Je pense que les perspectives sociales et environnementales dépendent dans une large mesure des choix des gens. Les jeunes se réveillent-ils. Les personnes âgées se réveillent-elles. Et les personnes éveillées, qu’elles soient jeunes ou âgées, pensent-elles suffisamment clairement pour discerner des choses vraiment dignes d’être faites ? Enfin, et c’est peut-être le plus difficile, les personnes nouvellement réveillées parviendront-elles à s’unir collectivement pour réussir à obtenir le changement ? Si les réponses s’avèrent négatives, nous allons vers l’enfer. Si les réponses s’avèrent positives, nous inaugurerons une condition humaine nouvelle et bien meilleure.
En conclusion, qu’aimeriez-vous dire à toutes les personnes qui liront cette interview ?

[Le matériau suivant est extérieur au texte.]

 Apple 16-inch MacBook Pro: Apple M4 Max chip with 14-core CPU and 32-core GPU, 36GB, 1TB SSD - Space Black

Au-delà de ce que vous avez déjà demandé ? Je pourrais implorer, je suppose, mais cela ressemblerait à des platitudes. Militants pour la paix, militants contre le racisme, l'immigration et les droits civiques, militants féministes, militants gays et lesbiens, militants syndicaux et anticapitalistes, militants pénitentiaires et juridiques, chercheurs de démocratie et de participation, tous ceux-là et bien d'autres le font depuis des décennies et plus. au moins le premier pas : « Lève-toi, lève-toi ». Ce ne sont pas seulement des paroles sages et accrocheuses. Le fait de gagner un avenir meilleur, que l’on ne peut pas gagner si l’on n’essaye pas, n’est pas compliqué. Nous devons nous engager dans cette tâche. Ensuite, une fois que nous nous sommes engagés, nous pouvons réfléchir ensemble à nos options, expérimenter diverses approches, tirer les leçons des succès et des échecs, partager des idées, créer des mouvements et des organisations et obtenir collectivement le changement.